### WHAT IS REQUIRED
Without the images, repeat every line of the listing exactly.

### DATASET CONTENT
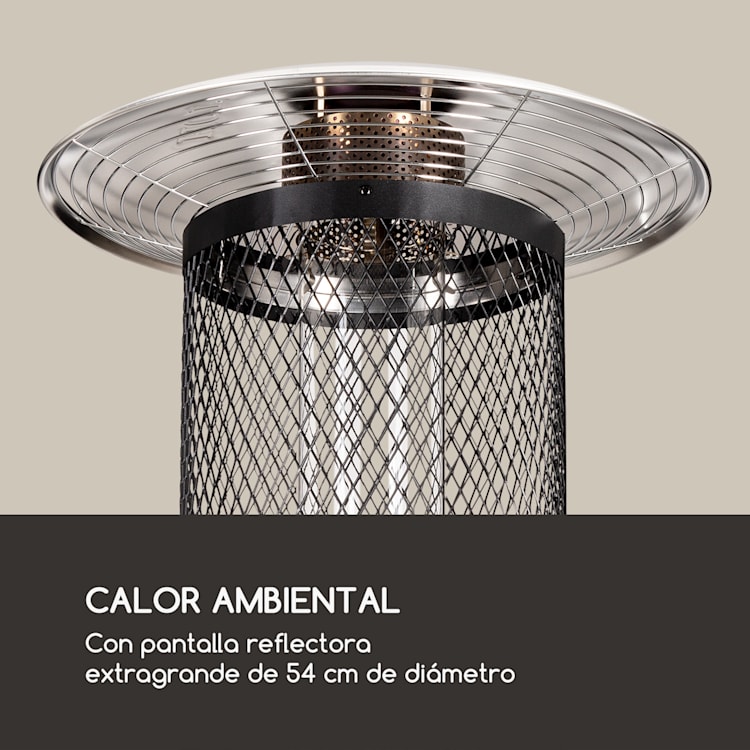 Goldflame calefactor de terraza calefacción a gas 11,2 kW vidrio templado móvil acero inoxidable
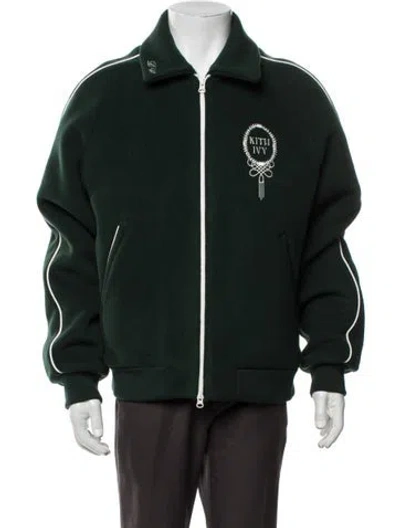 Pre-owned Kith Virgin Wool Graphic Print Bomber Jacket W/ Tags In Green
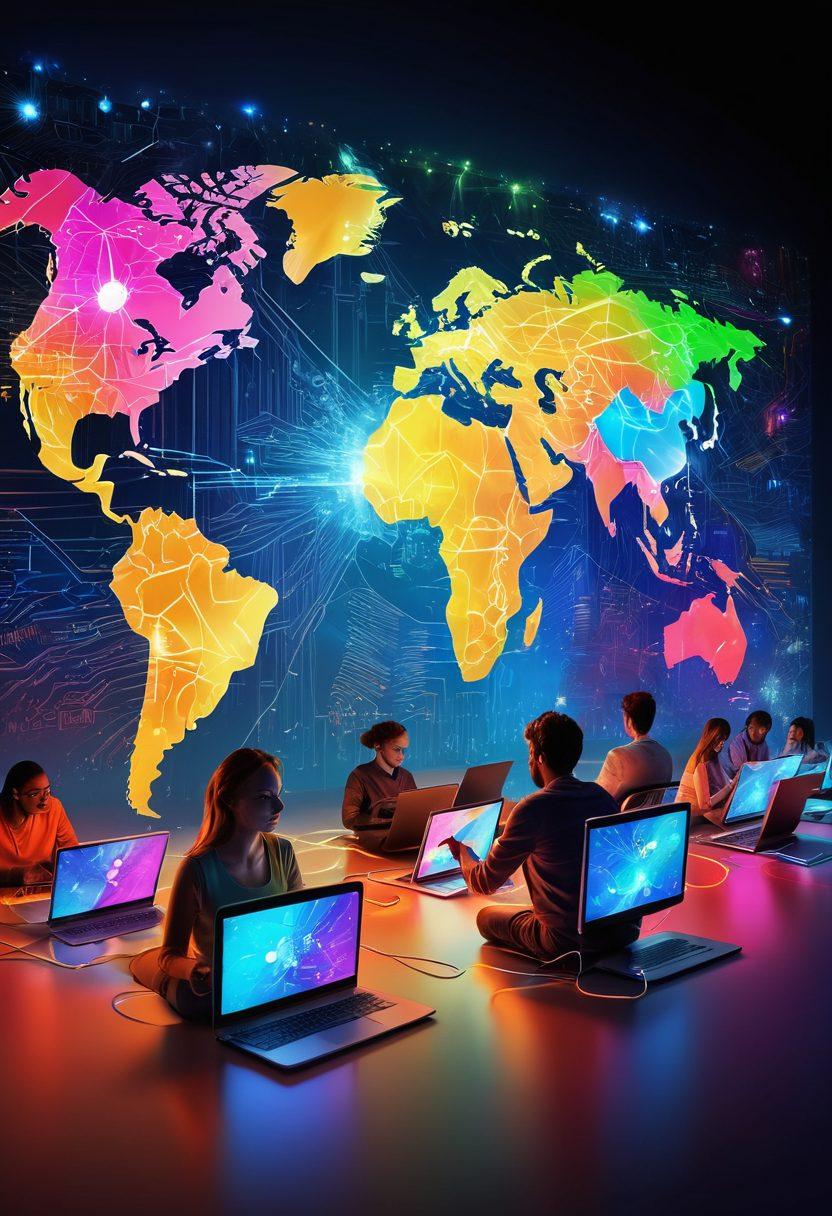 A diverse group of people, each using different devices like laptops, tablets, and smartphones, breaking through digital walls symbolically represented by colorful barriers. Vibrant lines of light and technology swirl around them, showing the freedom of internet exploration. The background features a world map illuminated with data connections, emphasizing global access. super-realistic. vibrant colors. 3D.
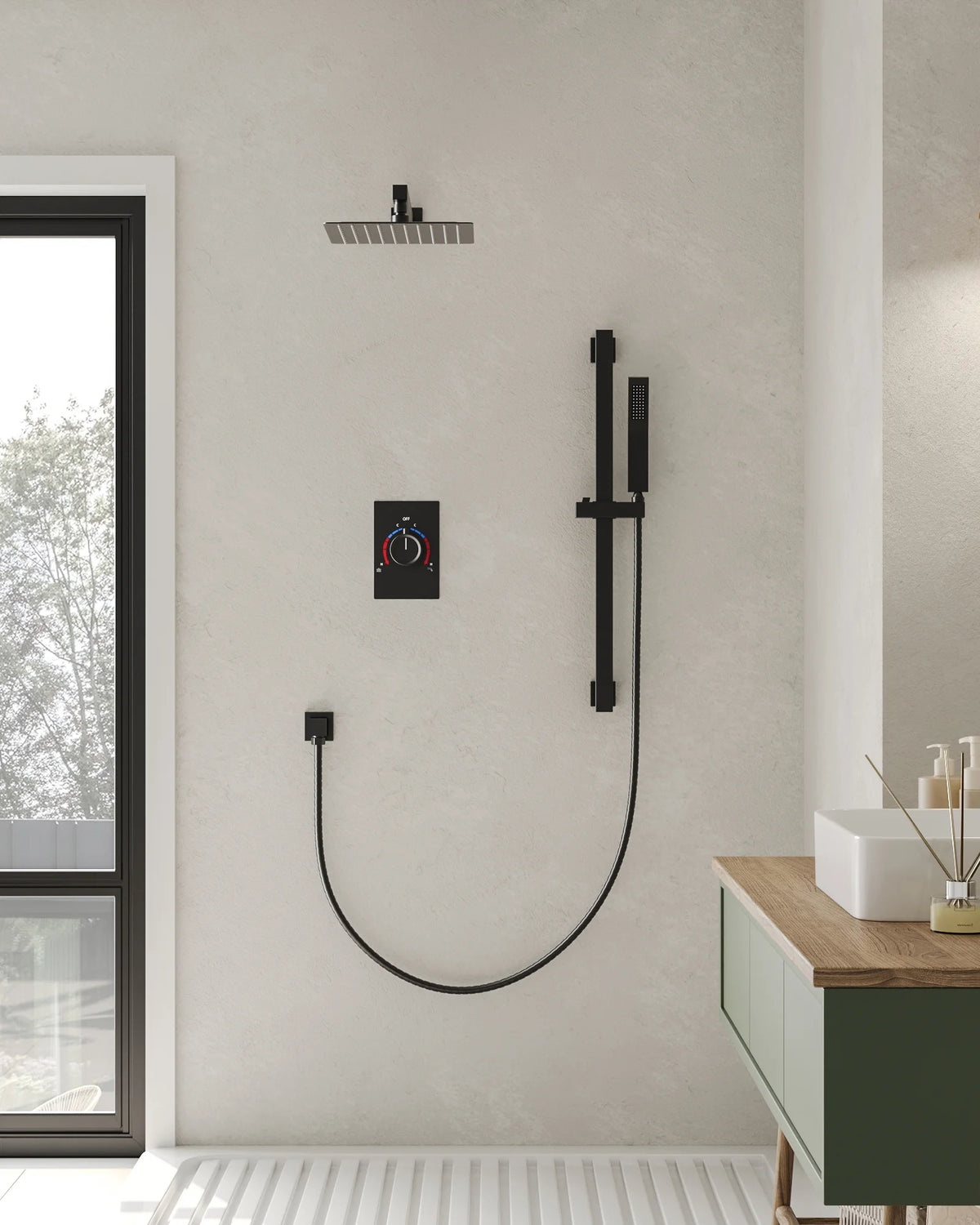 Matte Black 10 in. Shower Faucet Set with Handheld Slide Bar Y900198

### SOLUTION TO THIS TASK
 Goldflame calefactor de terraza calefacción a gas 11,2 kW vidrio templado móvil acero inoxidable
 Pre-owned Kith Virgin Wool Graphic Print Bomber Jacket W/ Tags In Green
 A diverse group of people, each using different devices like laptops, tablets, and smartphones, breaking through digital walls symbolically represented by colorful barriers. Vibrant lines of light and technology swirl around them, showing the freedom of internet exploration. The background features a world map illuminated with data connections, emphasizing global access. super-realistic. vibrant colors. 3D.
 Matte Black 10 in. Shower Faucet Set with Handheld Slide Bar Y900198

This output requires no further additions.